Hosts that have been offline for ten minutes or longer can be found in Host Management . Host Management provides operational host state, including whether a host is online, offline, contained, inactive, or in Reduced Functionality Mode. The ten-minute threshold is associated with the console’s host online/offline status behavior. Sensor Coverage Dashboard is useful for higher-level deployment coverage analysis, but Host Management is the direct place to find and filter host state. Host Groups are used to organize hosts and assign policies, not primarily to identify current connectivity state. The CCFA Host Management topic focuses on using the Host Management page to search, filter, and act on endpoints based on current sensor status and host attributes.

The correct approach is to create a custom IOA rule that monitors process creation matching .*\\remote\.exe. The goal is to generate a detection for review when an authorized remote access executable runs. Custom IOAs are specifically suited for detecting organization-specific behaviors, including process creation based on executable path or command-line patterns. An exclusion would suppress detections, not create them. A scheduled search may find process events after the fact, but it does not create a Falcon detection in the same way a custom IOA does. An IOC for remote.exe would be less precise unless based on a hash and would not express the behavioral “process creation” condition. The course guide identifies custom IOA process creation rules as the correct tool for this use case.

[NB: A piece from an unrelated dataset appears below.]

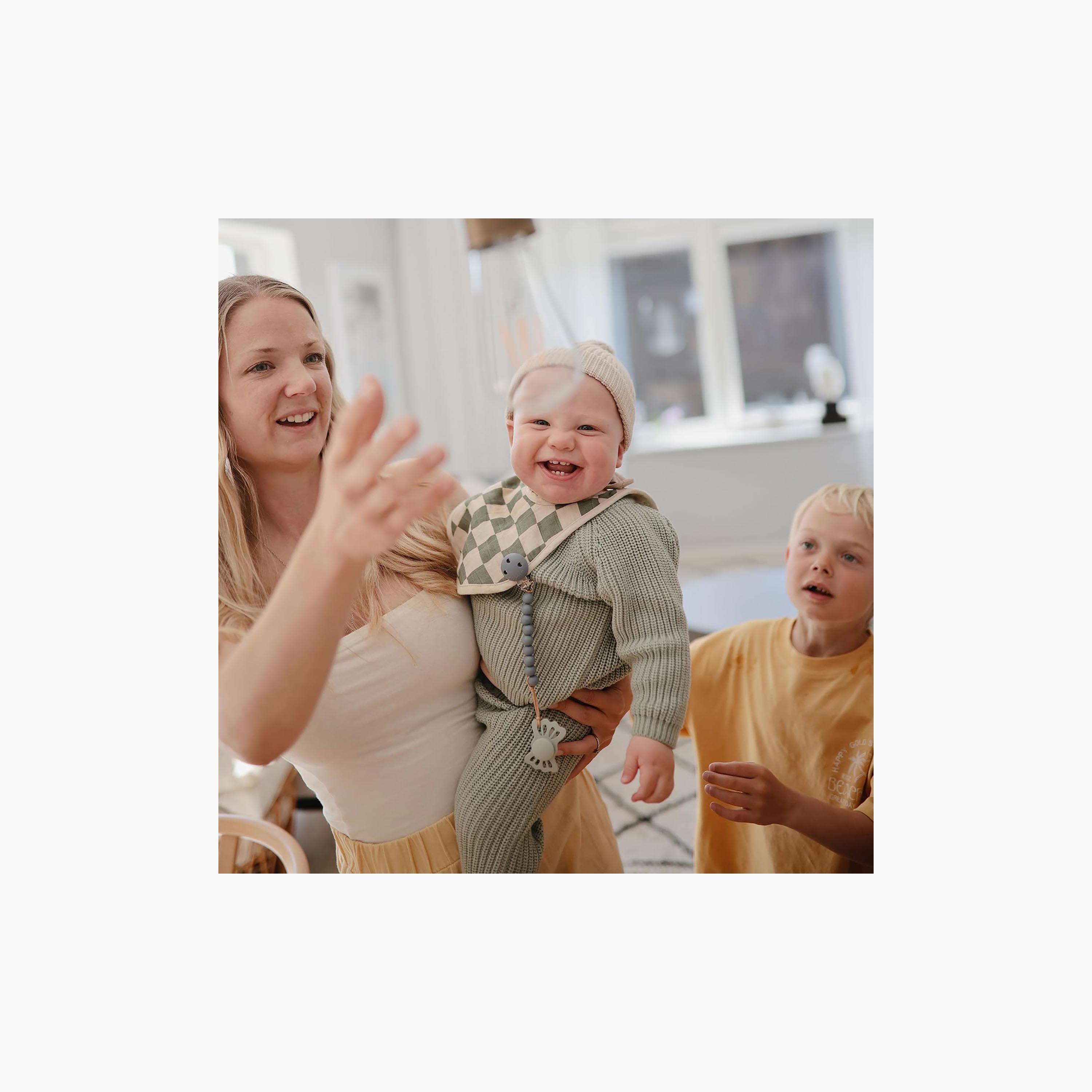 Mushie Silicone Pacifier Clip-baby-feeding-pacifiers-image-4
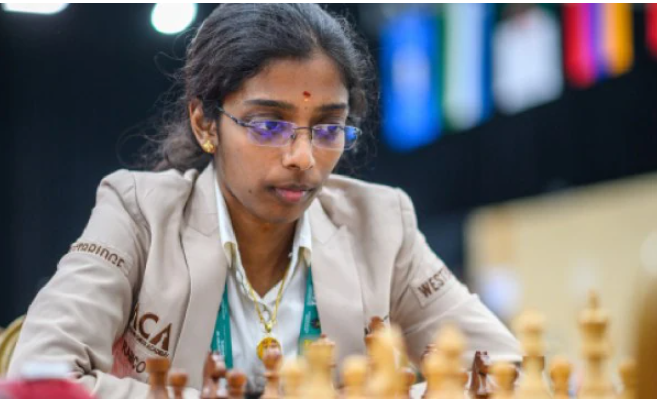 Vaishali winning FIDE Grand Swiss 2025 defending title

Sensor Update policies are platform-specific, meaning separate policies exist for Windows, Mac, and Linux sensors. The official Sensor Update Policies guidance states that administrators use these policies to control the update process for sensors on hosts, and that each host is assigned to a sensor policy based on host group membership. It then specifies that there are separate sensor update policies for separate platforms: Windows, Mac, and Linux. Therefore, a single sensor update policy cannot be universally applied across all operating systems. Windows does not share update policies with macOS, and macOS does not share update policies with Linux. Linux kernel compatibility is an important deployment consideration, but it does not mean Windows and Mac share one policy family while Linux alone has a different model. The correct CCFA principle is that sensor update management is performed per supported platform, then targeted to host groups within that platform. Reference topics: Sensor Deployment, Sensor Update Policies, platform-specific sensor management, host group policy assignment.

Falcon quarantine is enabled through Prevention policy settings . Specifically, administrators configure Next-Gen Antivirus settings, prevention sliders, and the quarantine-related controls within the prevention policy assigned to the host. General Settings are used for tenant-wide administrative settings such as RTR MFA, not endpoint file quarantine behavior. Manual file deletion is not Falcon quarantine and lacks the controlled evidence-preserving workflow of a security product. System restore is an operating system recovery feature and is unrelated to Falcon policy enforcement. The course guide frames quarantine as part of the prevention policy stack: Falcon must first detect and prevent a malicious file, then the policy determines whether the file is quarantined on the host.

The correct troubleshooting step is to check the CrowdStrike Windows Sensor log file for errors. Falcon sensor uninstall and maintenance operations are protected processes, especially when uninstall protection or tamper protection is enabled. Force-stopping services or deleting directories manually can damage the installation, leave drivers or services in an inconsistent state, and complicate remediation. Rebooting may be necessary in some cases, but it should not be the first diagnostic action when the uninstall appears stuck. The Windows sensor deployment guidance directs administrators to review sensor logs when installation, connection, or uninstall behavior is abnormal. Logs provide the error context needed to determine whether the issue is a token, policy, service dependency, installer state, or connectivity problem.